With the heightened awareness of Foot and Mouth Disease earlier in the year, as well as the country still being in Mycoplasma bovis eradication mode, evaluating your farm’s biosecurity plan is a great way to protect yourselves and your community from exotic and pre-existing diseases.
Diseases such as Bovine Digital Dermatitis are highly contagious and there is always a threat of disease introduction to your farm, which can result in compromised animal welfare, productivity and profitability.
Some diseases (such as Salmonella, Campylobacter or Leptospirosis) are zoonotic, which means they can also infect you and your staff!
Biosecurity encompasses day-to-day practices that keep infectious diseases, as well as pests and weeds, off your property. It also considers the risks of anti-bacterial and anthelmintic resistance.

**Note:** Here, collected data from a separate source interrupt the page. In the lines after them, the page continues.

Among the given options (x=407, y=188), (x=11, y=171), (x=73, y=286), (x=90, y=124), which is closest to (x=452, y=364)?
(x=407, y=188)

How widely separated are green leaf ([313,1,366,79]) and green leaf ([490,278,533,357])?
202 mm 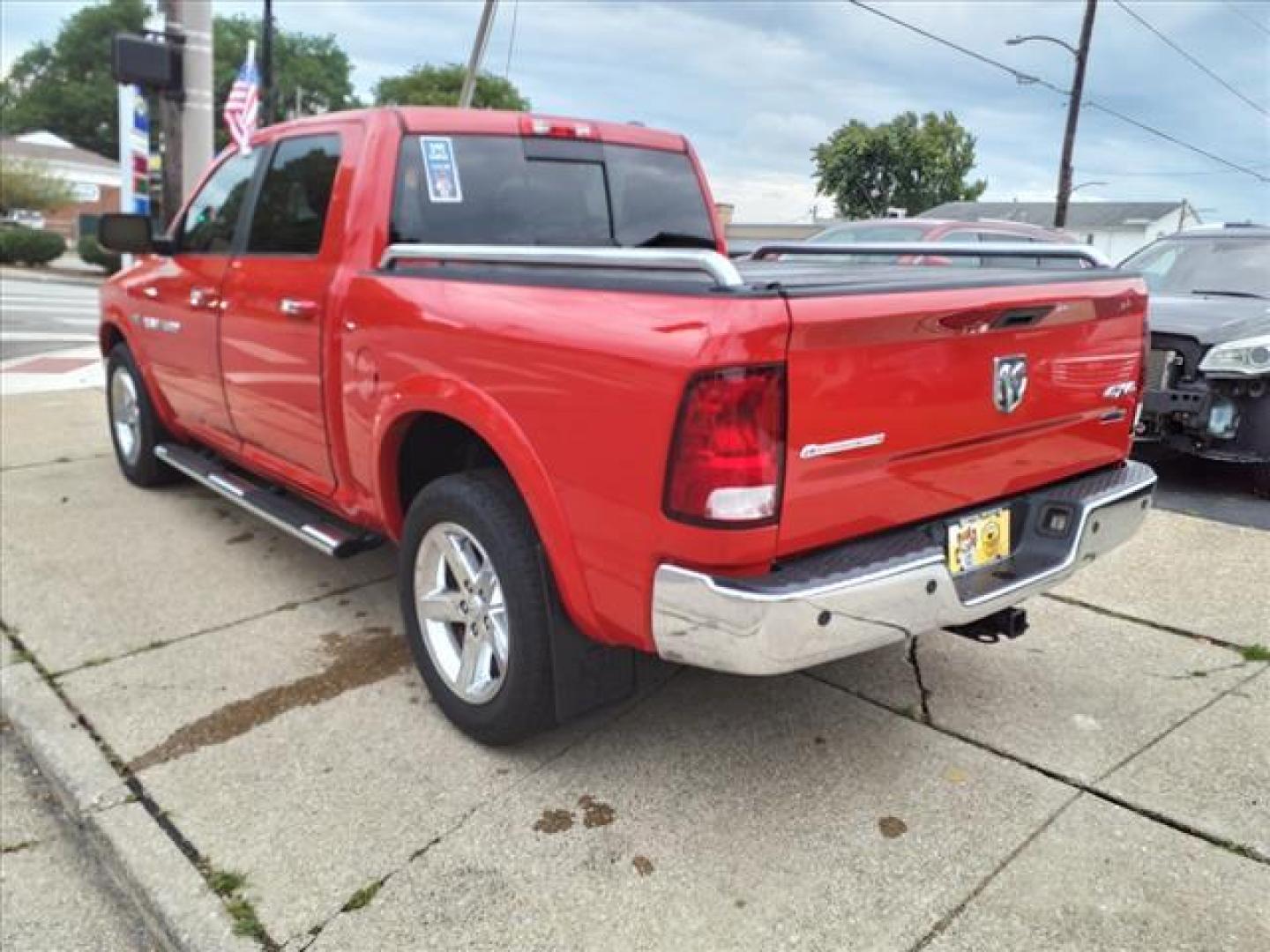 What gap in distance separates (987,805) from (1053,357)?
49.3 inches

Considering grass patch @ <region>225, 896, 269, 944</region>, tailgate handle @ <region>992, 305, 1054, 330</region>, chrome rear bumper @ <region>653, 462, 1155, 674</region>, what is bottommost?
grass patch @ <region>225, 896, 269, 944</region>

When evaluating your biosecurity plan, consider the following points:
Arrive with clean equipment, overalls and footwear;
Disinfect upon arrival on a clean footpath
Dirt inactivates disinfectant so it is important to change regularly;
Vestal or Sterigene are great disinfectant options.
Ask questions about animal health, TB status, vaccinations and parasite management;
Keep separate from the main herd for 4 weeks, if possible.
Ensure boundary fences are secure and prevent nose-nose contact with neighbouring stock;
Avoid grazing at the boundary if the neighbour’s cows are in the adjacent paddock.
Keep accurate records of stock movements;
Use NAIT tags to trace each animal’s history.
Record who comes on and off farm (contractors, shed inspectors, vets, AI techs etc).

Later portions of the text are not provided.